Getting Data In

How to calculate Daily Data Volume on Splunk Clustering

thanh_on
Path Finder

Dear everyone,

I have a Splunk Clustering (2 indexers) with:
Replication Factor=2
Searchable Factor=2

I supposed to sizing a index A on indexes.conf. Then, I found this useful website: https://splunk-sizing.soclib.net/

My concern on this website is how to calculate "Daily Data Volume" (average uncompressed raw data).

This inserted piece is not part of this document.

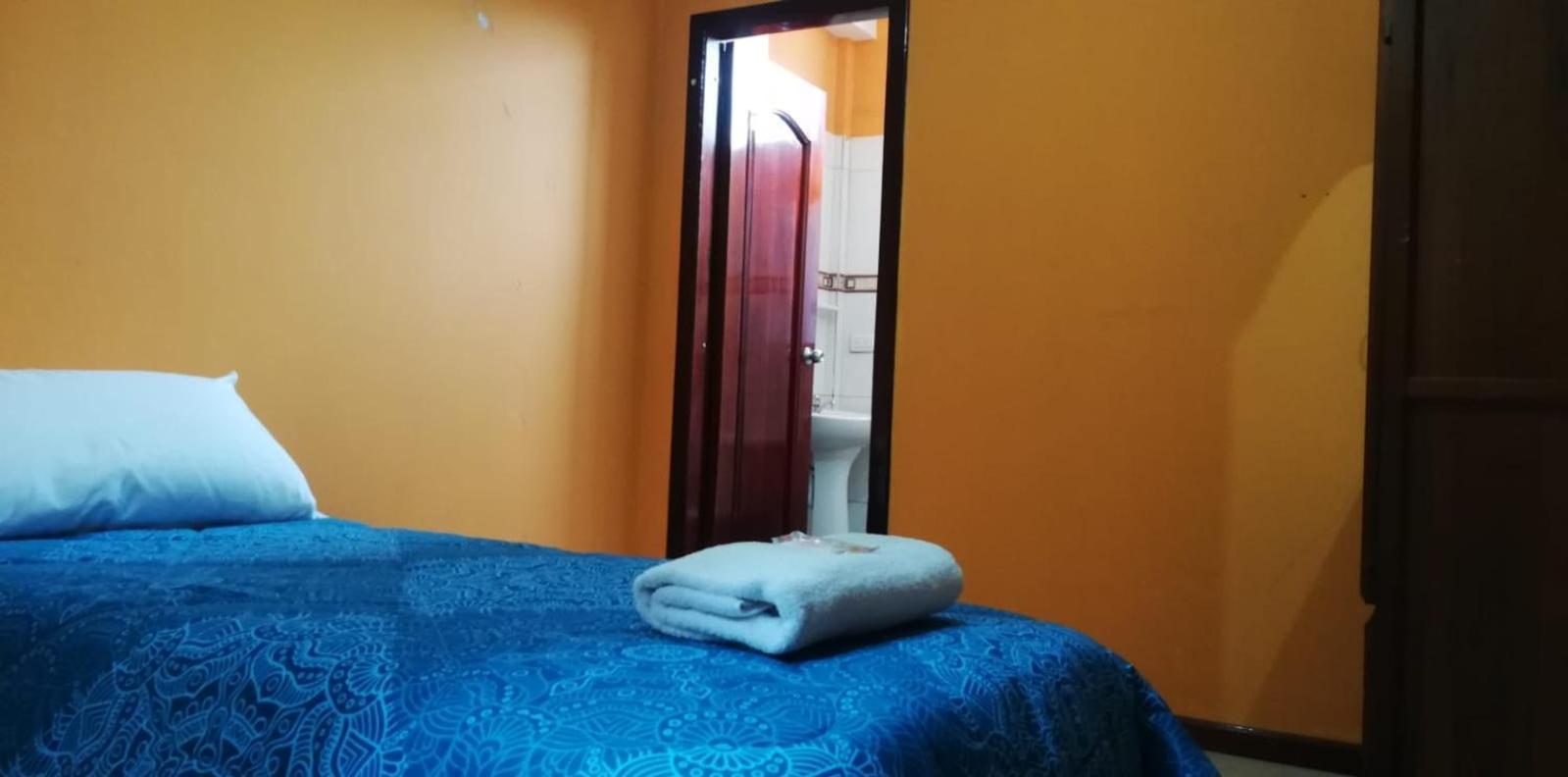 Centro Macas Apartment ภายนอก รูปภาพ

thanh_on_0-1748427735918.png


So, how can I calculate this ? Can I use a SPL command on Search Head to calculate this ?

Thanks & best regards.

Labels (1)
0 Karma
1 Solution

livehybrid
Super Champion

Hi @thanh_on 

The "Daily Data Volume" in this case is the amount of daily ingest. 

You can get this by going to https://yourSplunkInstance/en-US/manager/system/licensing

Or by running the following search:

index=_internal 
    [ rest splunk_server=local /services/server/info 
    | return host] source=*license_usage.log* type="RolloverSummary" earliest=-30d@d 
| eval _time=_time - 43200 
| bin _time span=1d 
| stats latest(b) AS b by slave, pool, _time 
| timechart span=1d sum(b) AS "volume" fixedrange=false 
| fields - _timediff 
| foreach "*" 
    [ eval <<FIELD>>=round('<<FIELD>>'/1024/1024/1024, 3)]

🌟 Did this answer help you? If so, please consider:

  • Adding karma to show it was useful
  • Marking it as the solution if it resolved your issue
  • Commenting if you need any clarification

Your feedback encourages the volunteers in this community to continue contributing

View solution in original post

thanh_on
Path Finder

Hi @livehybrid ,

Thank you for your anwser,

FYI, I have separated the index for each device or vendor because each device has different data retention policies.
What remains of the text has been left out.